Wednesday, 4 September 2013

On Not Being Able To Touch Our Treasure


Andy Warhol famously said that in the future everyone would be famous for fifteen minutes. In the era of blogs, reality TV, and cynically-manufactured pop music, his remark seems  amazingly prescient.

However, Warhol could have gone further. In the future that is today, everyone gets to be famous for fifteen seconds. Twitter, Facebook, and other social media allow us to achieve fleeting 'micro-fame', that lasts for each of our 'micro-fans' only as long as it takes them to click 'Like' or 'Re-Tweet'.  When the button is clicked, the fandom relationship ends. A few seconds after he has liked you, your micro-fan,  now clicking other buttons, will not possibly be able to remember your on-line handle, let alone your real name.

Many Twitter users who have nothing to say (and are saying it) have acquired tens of thousands of followers, while tweeting sporadically about their morning toast, the weather, and the fact that they have annoyingly misplaced their running shoes. To amass so many followers while offering them so little requires actual effort; boring, relentless, persistent work.
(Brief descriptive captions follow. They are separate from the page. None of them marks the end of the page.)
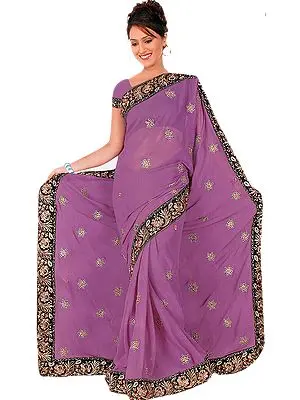 Patrician-Purple Sari with Embroidered Bootis and Patch Border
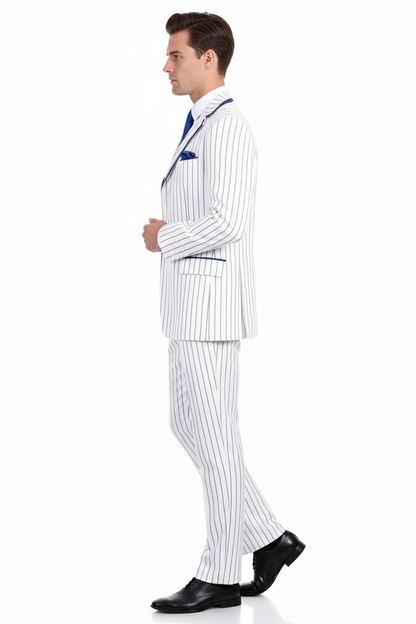 Men’s White and Royal Blue Pinstripe 3-Piece Suit – Classic Fit Blazer with Vest, Pants, and Tie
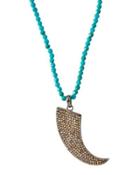 Long Turquoise & Diamond Horn Pendant Necklace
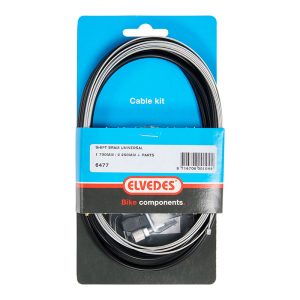 Transmission Dérailleur Elvedes Universel Noir Pour Sram Gaine 2,25M Noir - Cable Galva 1,8M (Kit Transmission 1Cable-1 Gaine)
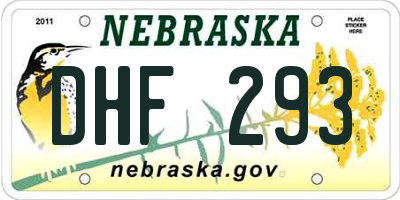 NE license plate DHF293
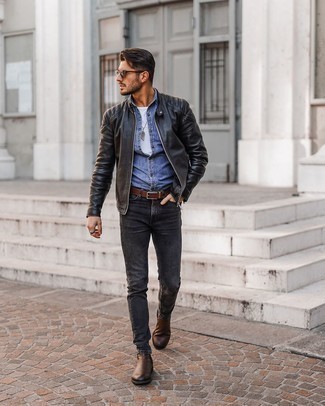 Как носить черный бомбер с серыми джинсами мужчине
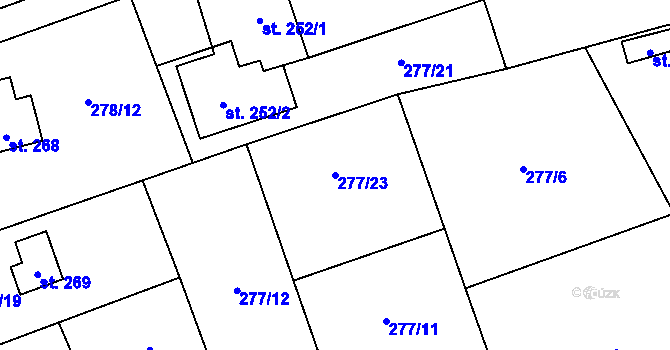 Parcela st. 277/23 v KÚ Vilémov u Šluknova, Katastrální mapa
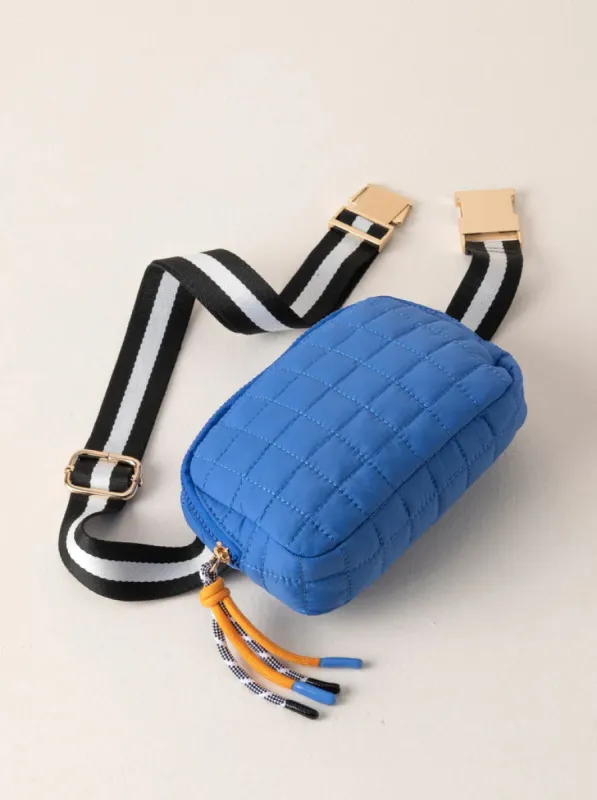 Ezra Quilted Belt Bag, Ultramarine sold by North & Main Clothing Company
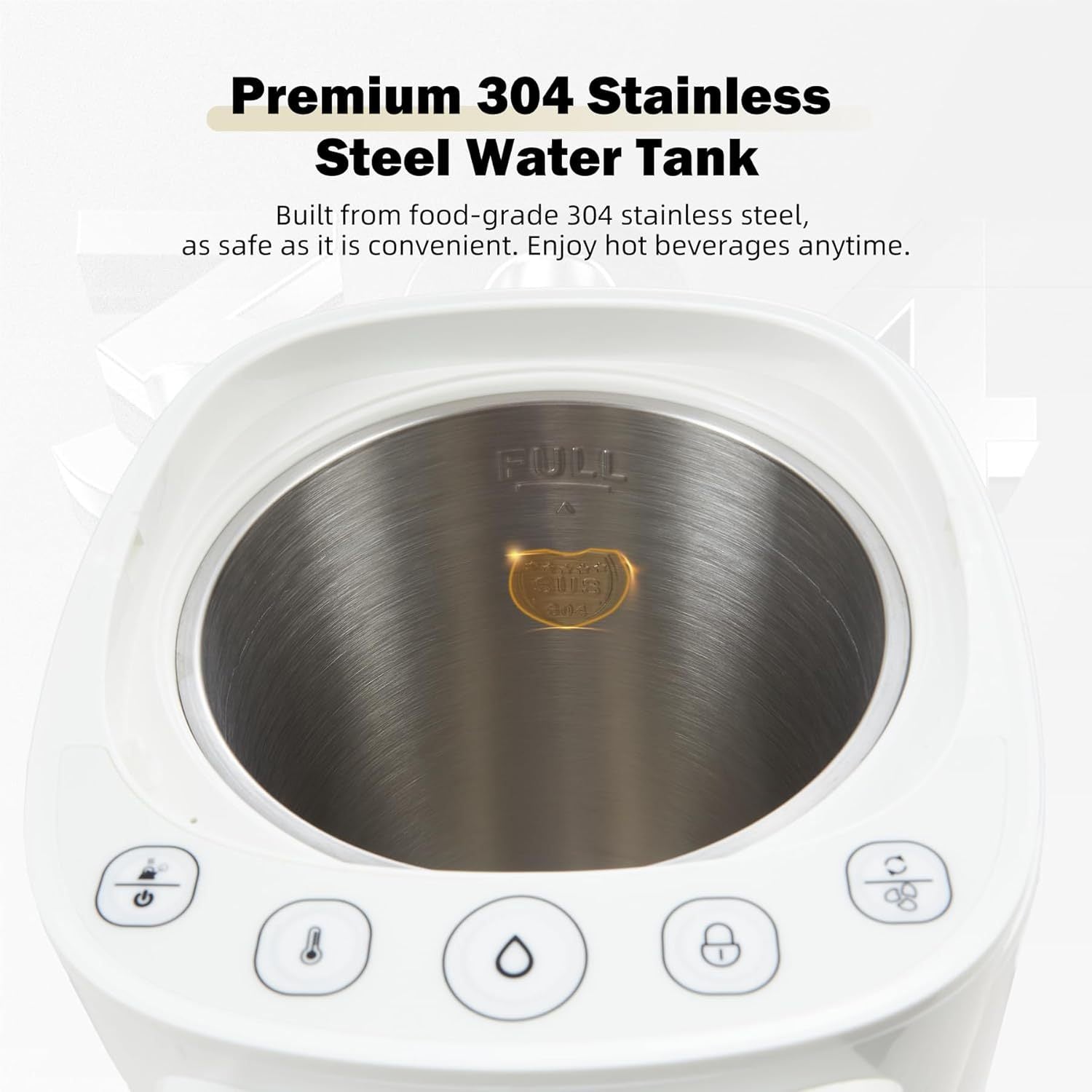 OCTAVO Water Boiler & Warmer 5 Liter, 304 Stainless Steel Water Tank, 700 Watt 6 Adjustable Water Temperature, LCD Touch Control Screen, Child Lock with Water Shortage Indicator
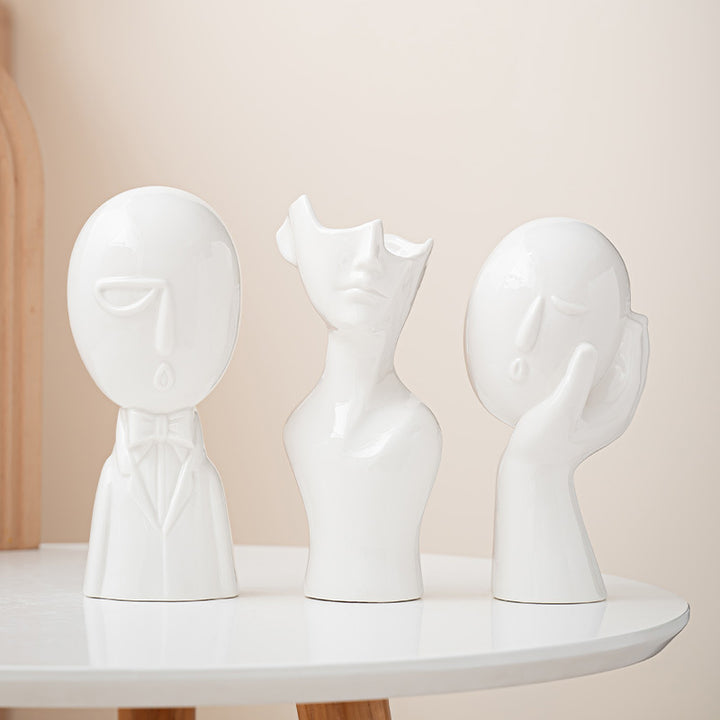 Human body ceramic vase ornament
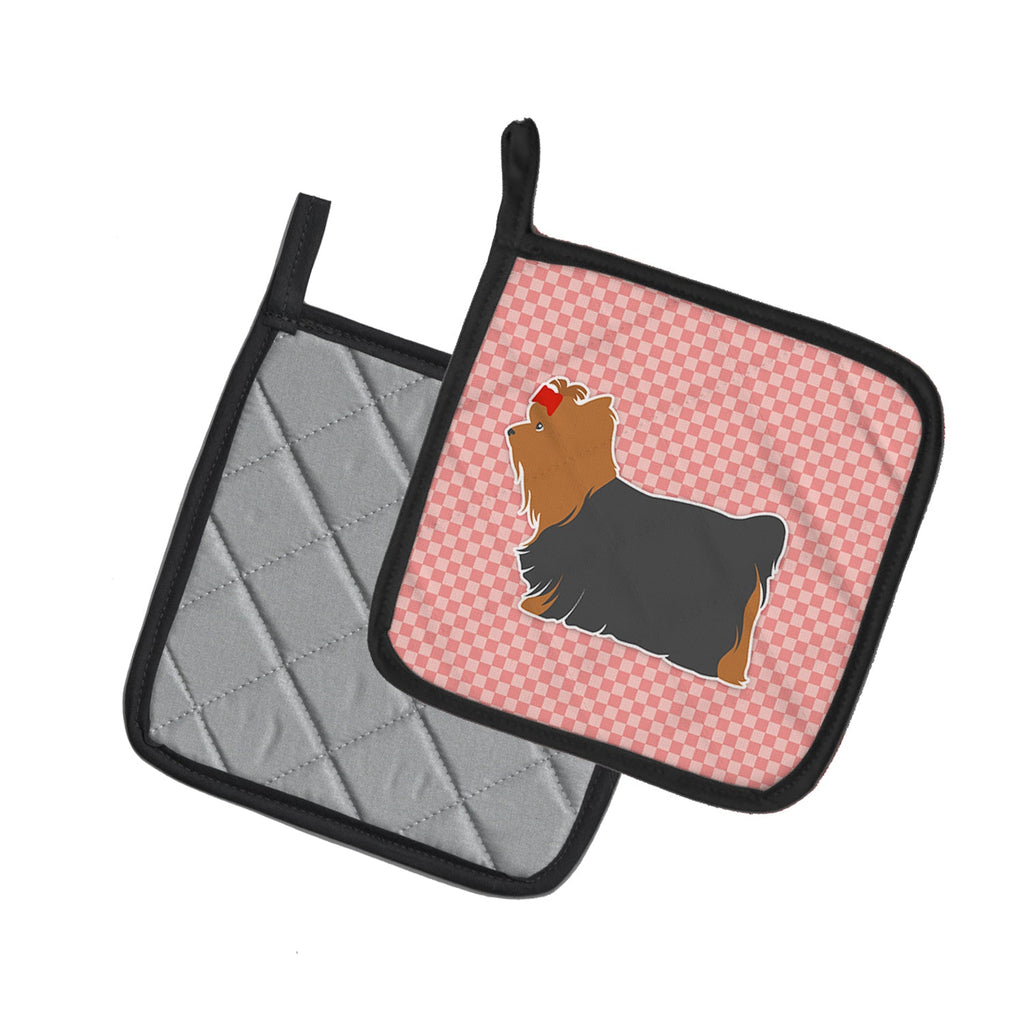 Yorkshire Terrier Yorkie Checkerboard Pink Pot Holder Set of 2 Heat Resistant Quilted Hot Pads 7.5 x 7.5 Inch, Insulated Kitchen Trivets for Cooking & Baking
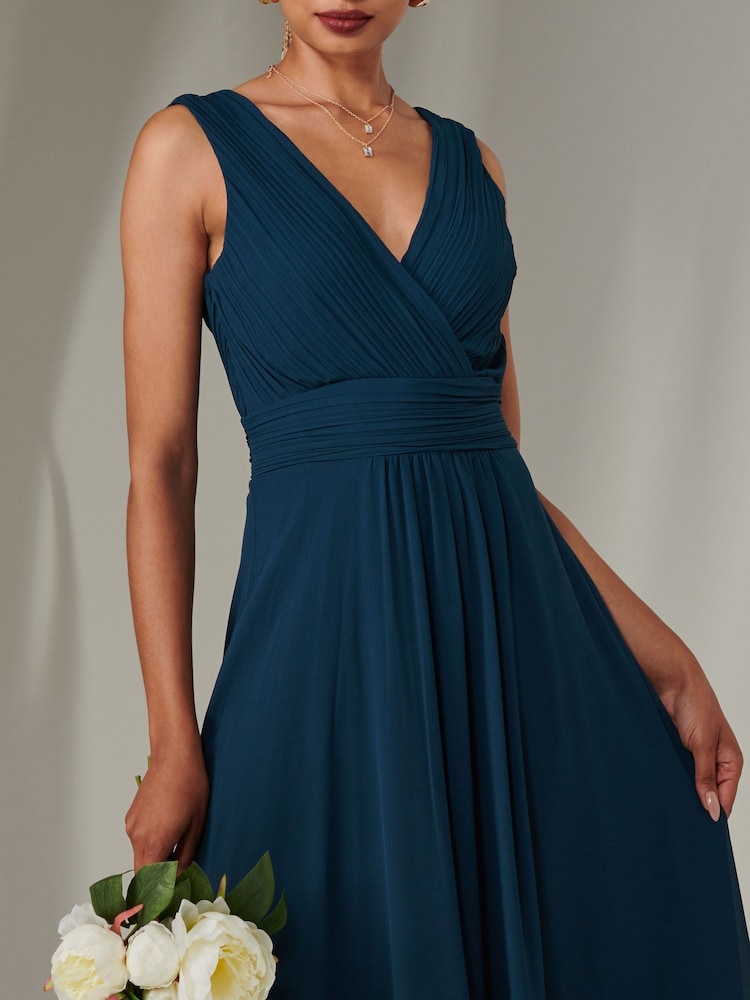 Jolie Moi Green Cora Sleeveless Chiffon Maxi Dress - Image 3 of 6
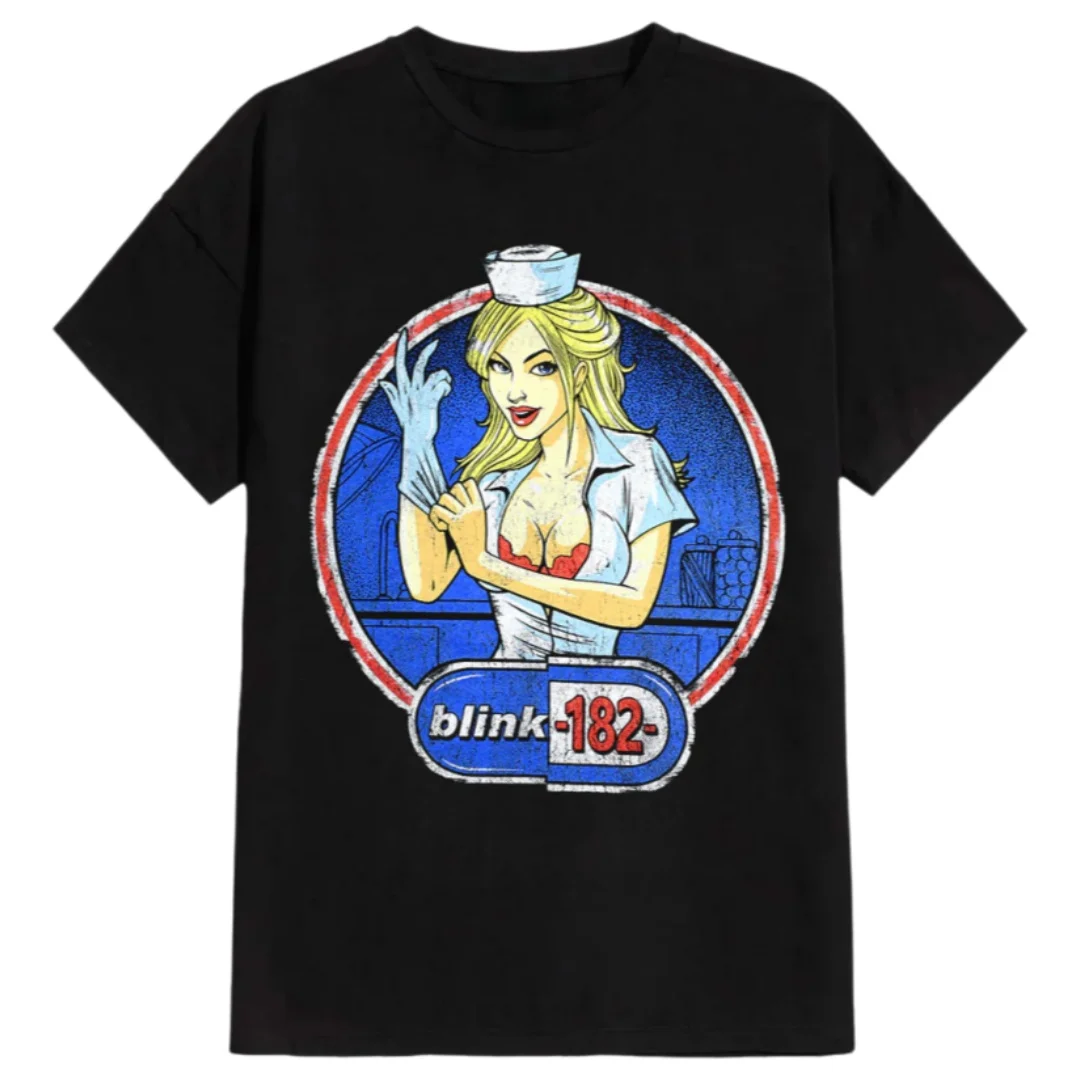 Camiseta estampada da banda Blink 182 Enema Nurse em estilo street hip-hop, adequada para homens e mulheres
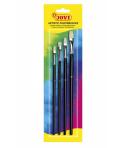 Jovi Artistic Paintbrushes Blister con 4 Pinceles Planos - Pelo Natural - Mango de Madera - Punta Plana - Pelo Duro - Color Negr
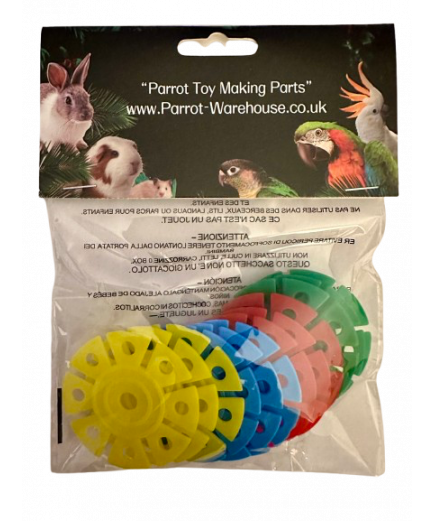 Parrot-Supplies Coloured Plastic Disc Flowers - Parrot Toy Making Parts - 12 Pack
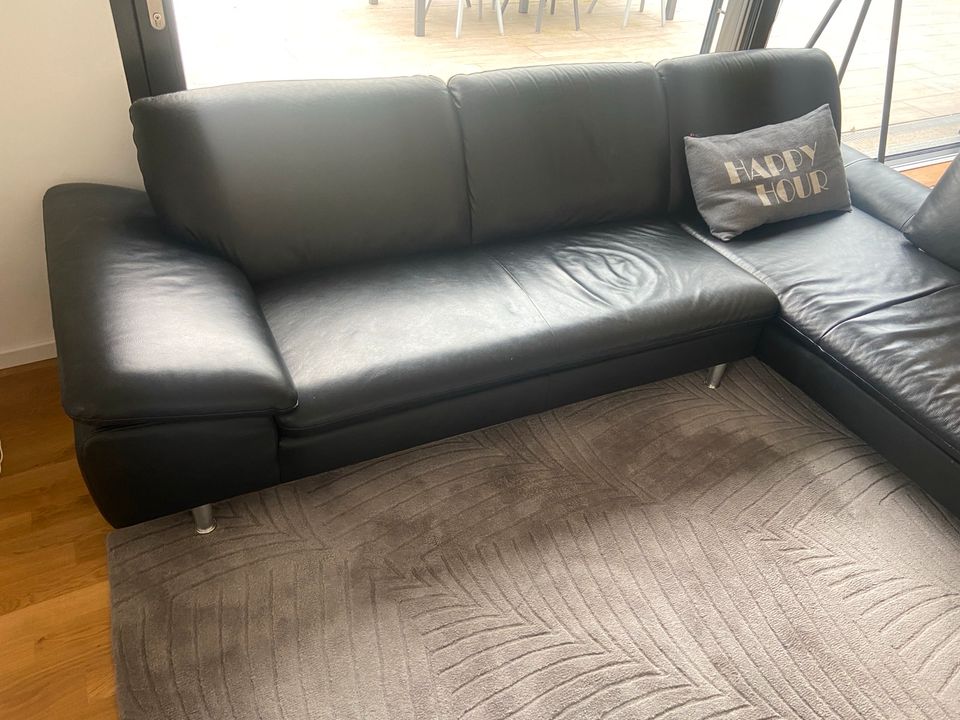 Absolut hochwertiges Echtleder Sofa schwarz, hoher NP in Verl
What are those people working for, when they are working to get all those micro-fans?  Why do humans crave this kind of highly abstracted micro-fame? Why do we find it so satisfying? Why are we the kind of animal that is willing to work for the mere idea of something good, a pointer to a thing that we cannot actually grasp? 

The Jewish/Catholic/atheist mystic Simone Weil suggested in her book Gravity & Grace: "To ascertain exactly what the miser lost whose treasure was stolen; thus we should learn much."